▶ [Assignment]: Below are records with pictures. Reproduce exactly the lines from the line with "Flexies Cartes d'entraînement" to the line with "56 breizh pirate", inclusive, and leave each picture out.

▶ [Data supplied]:

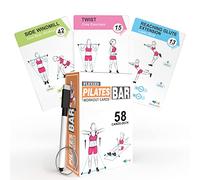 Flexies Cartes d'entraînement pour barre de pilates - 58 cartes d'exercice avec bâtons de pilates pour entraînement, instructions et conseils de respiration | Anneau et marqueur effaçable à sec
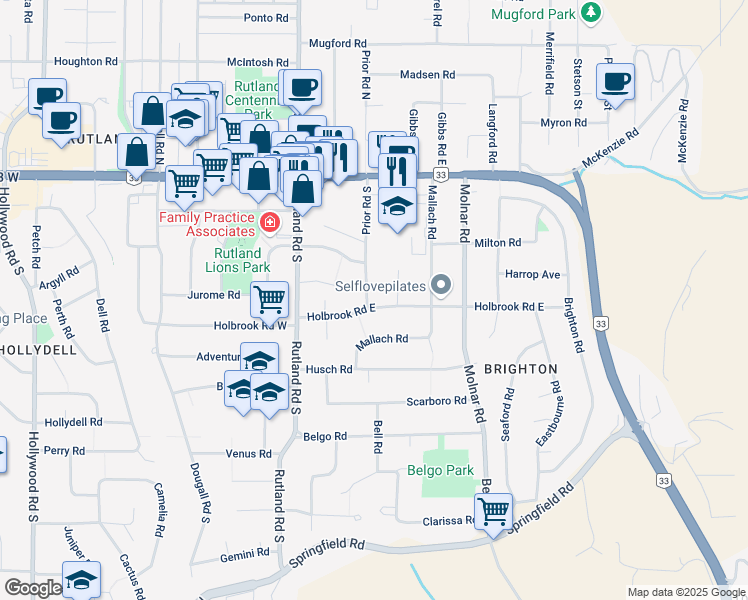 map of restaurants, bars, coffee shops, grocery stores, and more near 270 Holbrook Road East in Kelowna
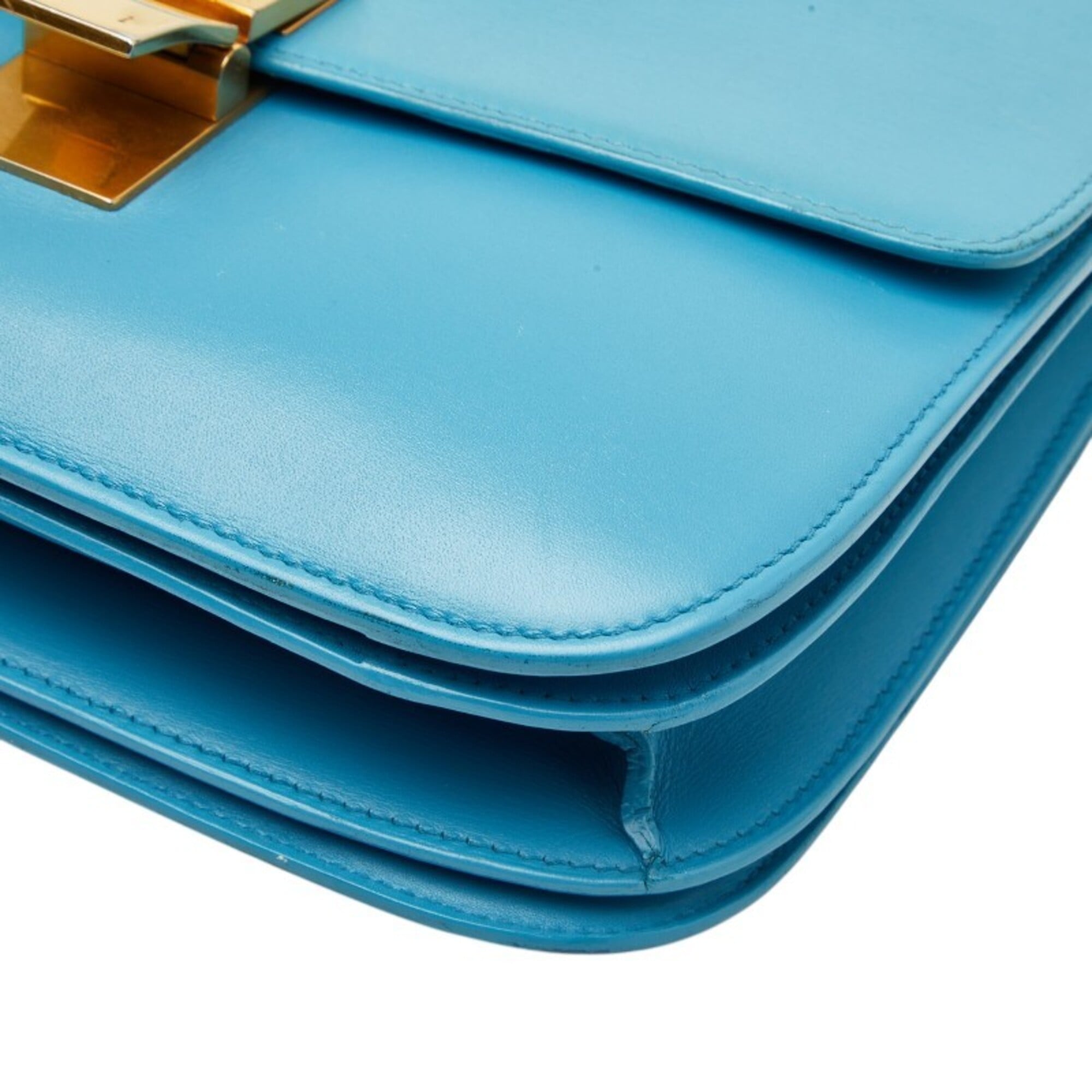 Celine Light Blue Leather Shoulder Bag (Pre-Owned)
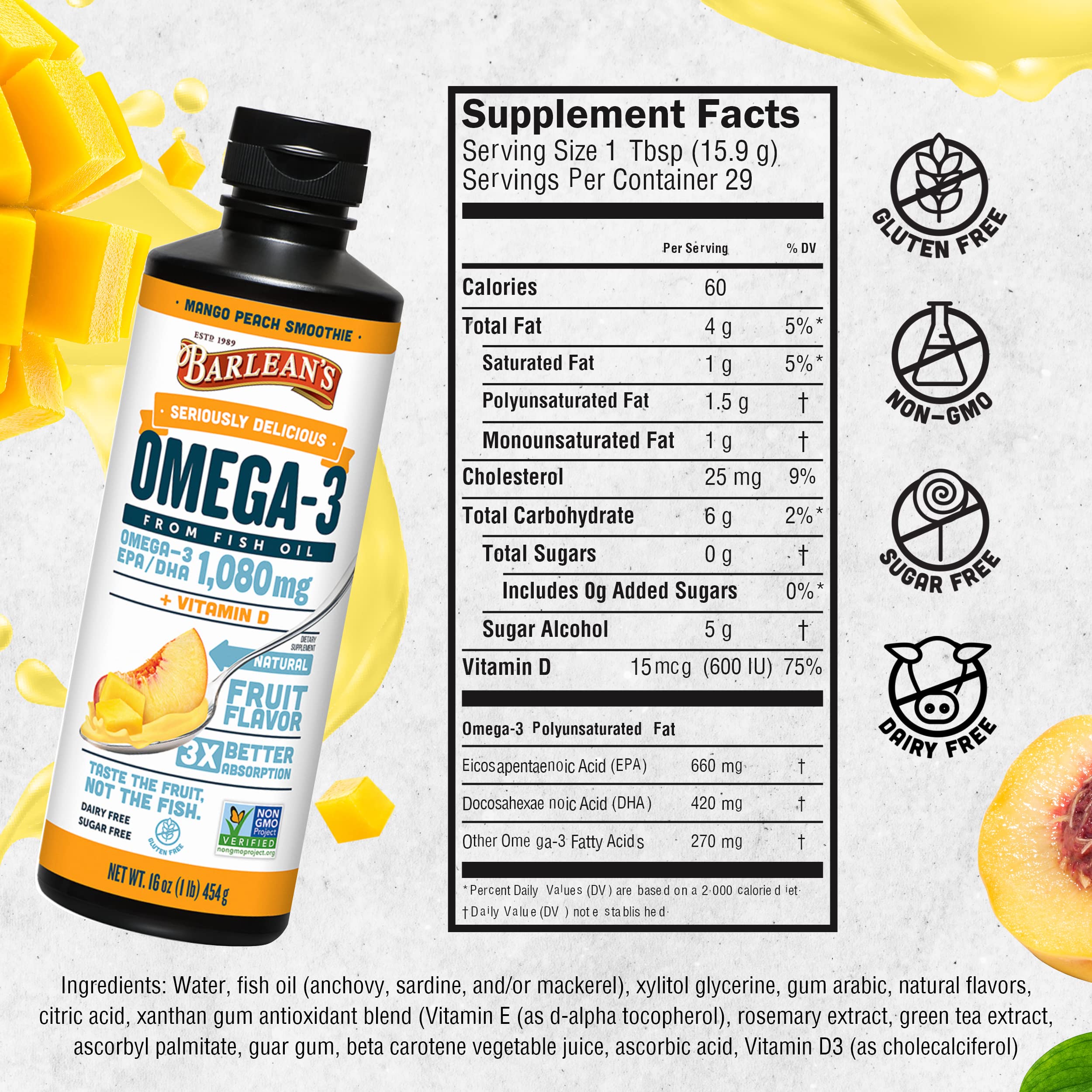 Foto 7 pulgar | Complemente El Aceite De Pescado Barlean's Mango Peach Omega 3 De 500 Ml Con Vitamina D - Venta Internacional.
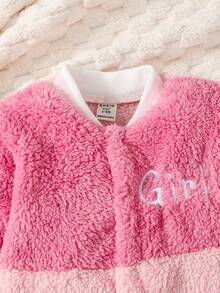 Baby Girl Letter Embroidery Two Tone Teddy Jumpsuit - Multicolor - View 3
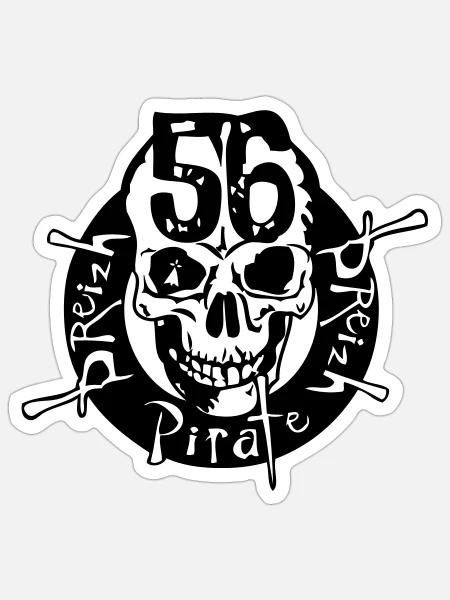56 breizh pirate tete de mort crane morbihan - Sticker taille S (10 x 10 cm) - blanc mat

* * *

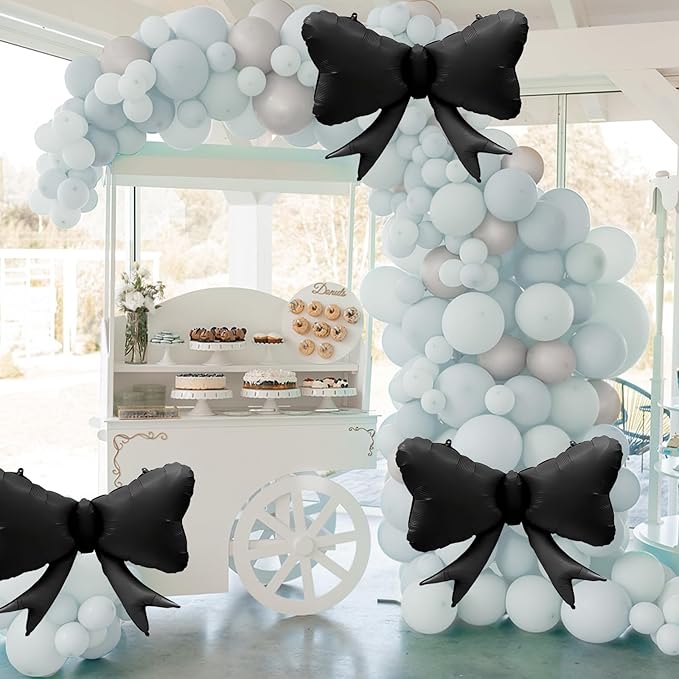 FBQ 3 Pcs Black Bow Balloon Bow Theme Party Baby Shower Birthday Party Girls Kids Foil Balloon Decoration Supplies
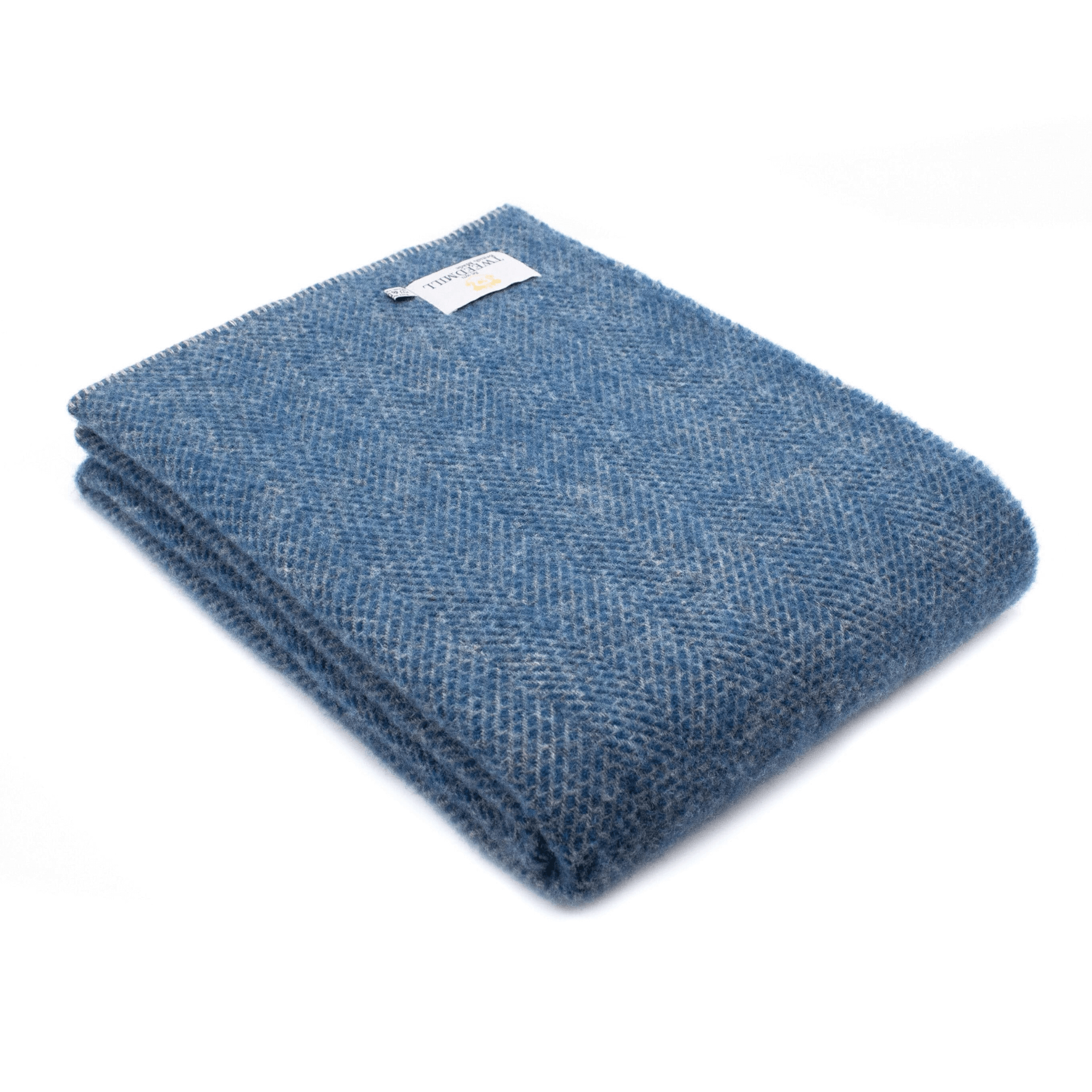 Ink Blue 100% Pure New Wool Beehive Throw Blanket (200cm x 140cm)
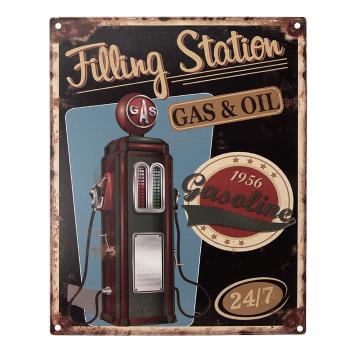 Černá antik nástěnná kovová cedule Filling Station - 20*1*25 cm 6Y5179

--

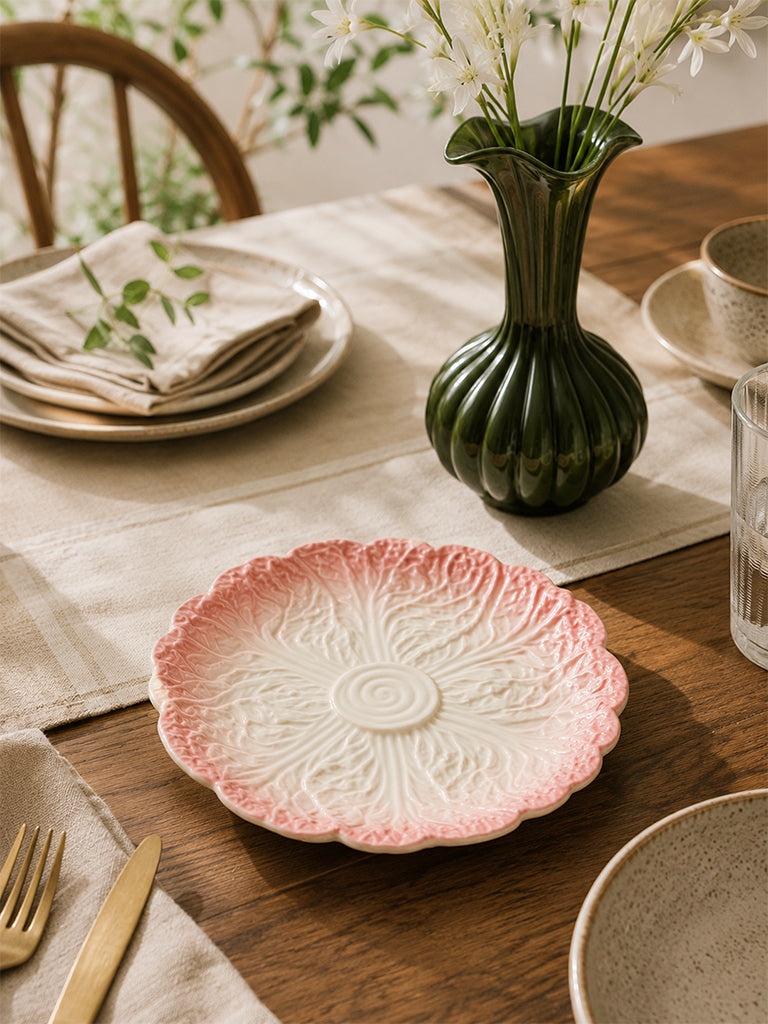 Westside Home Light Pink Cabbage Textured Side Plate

▶ [Task result]:
 Flexies Cartes d'entraînement pour barre de pilates - 58 cartes d'exercice avec bâtons de pilates pour entraînement, instructions et conseils de respiration | Anneau et marqueur effaçable à sec
 map of restaurants, bars, coffee shops, grocery stores, and more near 270 Holbrook Road East in Kelowna
 Celine Light Blue Leather Shoulder Bag (Pre-Owned)
 Foto 7 pulgar | Complemente El Aceite De Pescado Barlean's Mango Peach Omega 3 De 500 Ml Con Vitamina D - Venta Internacional.
 Baby Girl Letter Embroidery Two Tone Teddy Jumpsuit - Multicolor - View 3
56 breizh pirate tete de mort crane morbihan - Sticker taille S (10 x 10 cm) - blanc mat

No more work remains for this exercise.